Friday, January 12, 2018

Address Masking for RAM Devices

I found the problem of generating the correct address for a memory operation confusing and decided that it would be of value to me (and others) to take notes.

Assume we have an implementation of a slave device on a TileLink2 bus. It can receive either read (Get) or write (PutFullData) messages on channel A and correctly return the response on channel D.  More information about this in the spec.

The following covers the implementation of the module, specifically on the mask generation, nothing more.

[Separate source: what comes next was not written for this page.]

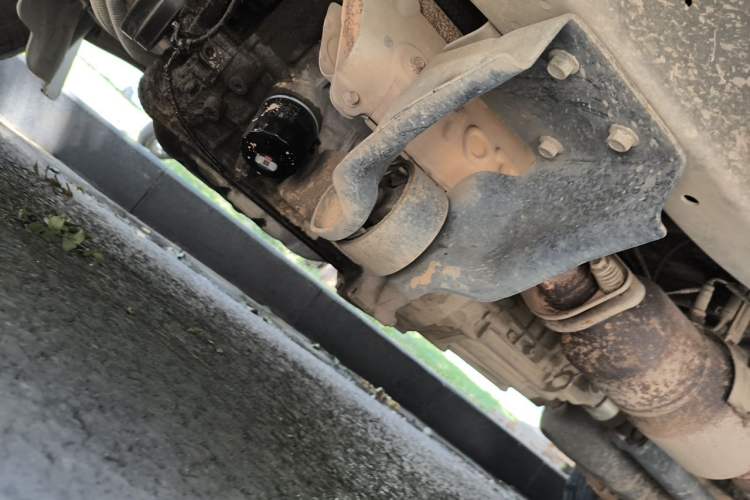 Used Jinbei Hiace X30  Chassis Front Left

Assumptions. The slave device covers address range 0x2000000, size 0x1FFF (or 8KB).  The system bus uses 8 bytes per beat (matching the 64 bit bus).  The memory width matches the bus width.  Number of memory words is 1024 and address width is 10 bits.

val address = in.a.bits.address // receive the full 64-bit physical address
val size = 0x1FFF // 8KB size, get using addressSet.mask
val size = in.a.size  // log2(bytes) of total amount of the data requested, e.g., 8B cache line == 1

Problem.  To compute the word-aligned address, you need a mask.  Here is an example worked out by hand.

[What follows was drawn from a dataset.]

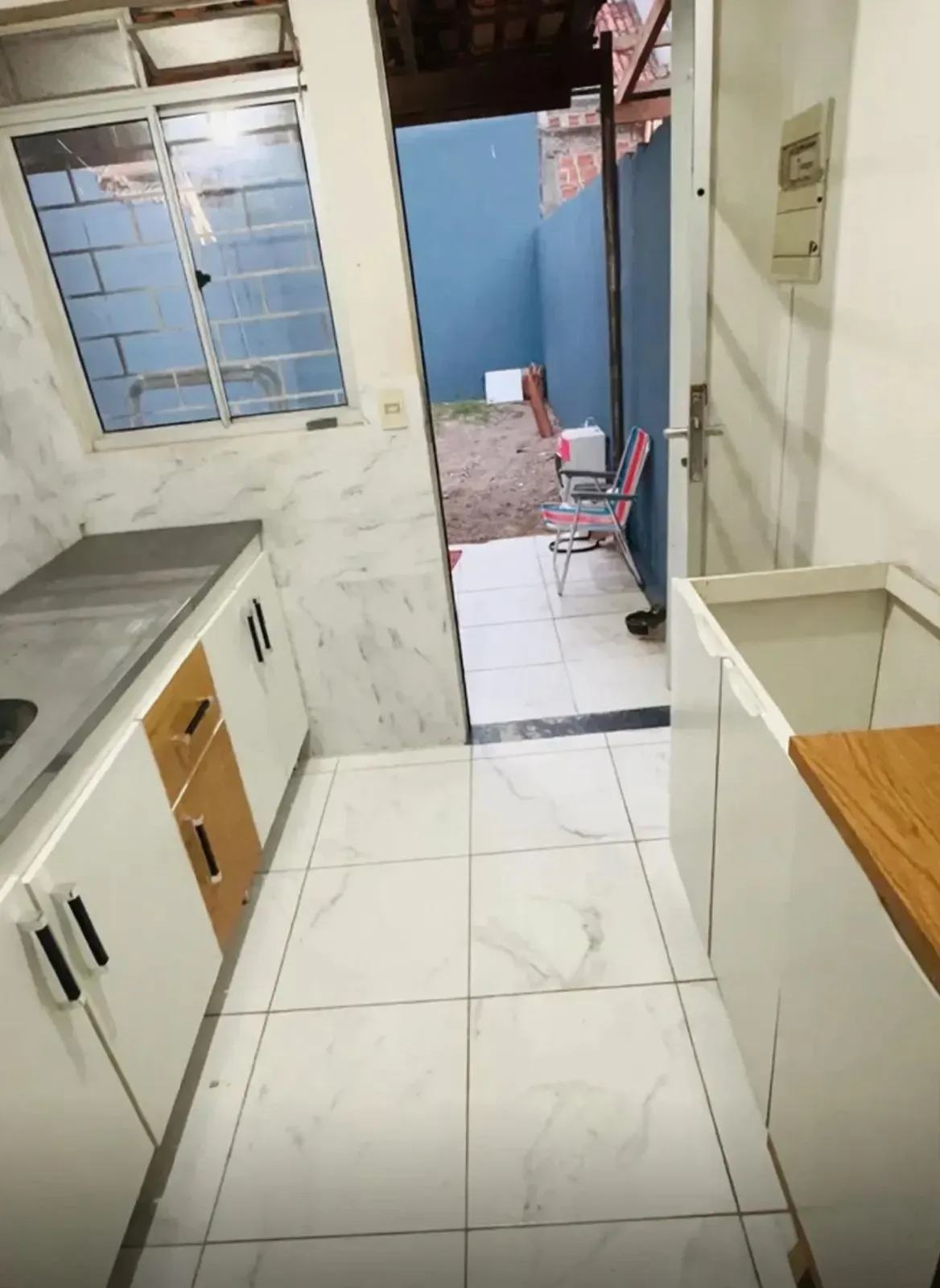 Imagem Sobrado com 2 Quartos à Venda, 55 m² em Tatuquara - Curitiba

2000_1000 ^ (0x2000_1000 & ~mask-1) = 0x1000 (byte aligned) // where mask = 0x2000
1000 / 8 = 0x200 (8B word aligned)
addr[9:0] = 0x200

That was the easy part.  I got confused by the operation of the circuit generator.  Isn't the following great ;)

val a_address   = Cat((mask zip (in.haddr >> log2Ceil(beatBytes)).toBools).filter(_._1).map(_._2).reverse)

This is definitely one the least appealing parts of functional programming.  It would take me a few hours to reverse engineer this.  How this should work is any non-trivial function should be placed in its own container and unit tested.  The unit tests are commented and serve as a description of the functional algorithm.  But, I digress ...

There is a helper object in the util package.  Moral of the story.  Use it.

// This gets used everywhere, so make the smallest circuit possible ...
// Given an address and size, create a mask of beatBytes size
// eg: (0x3, 0, 4) => 0001, (0x3, 1, 4) => 0011, (0x3, 2, 4) => 1111
// groupBy applies an interleaved OR reduction; groupBy=2 take 0010 => 01
object MaskGen {
  def apply(addr_lo: UInt, lgSize: UInt, beatBytes: Int, groupBy: Int = 1): UInt = {
[..]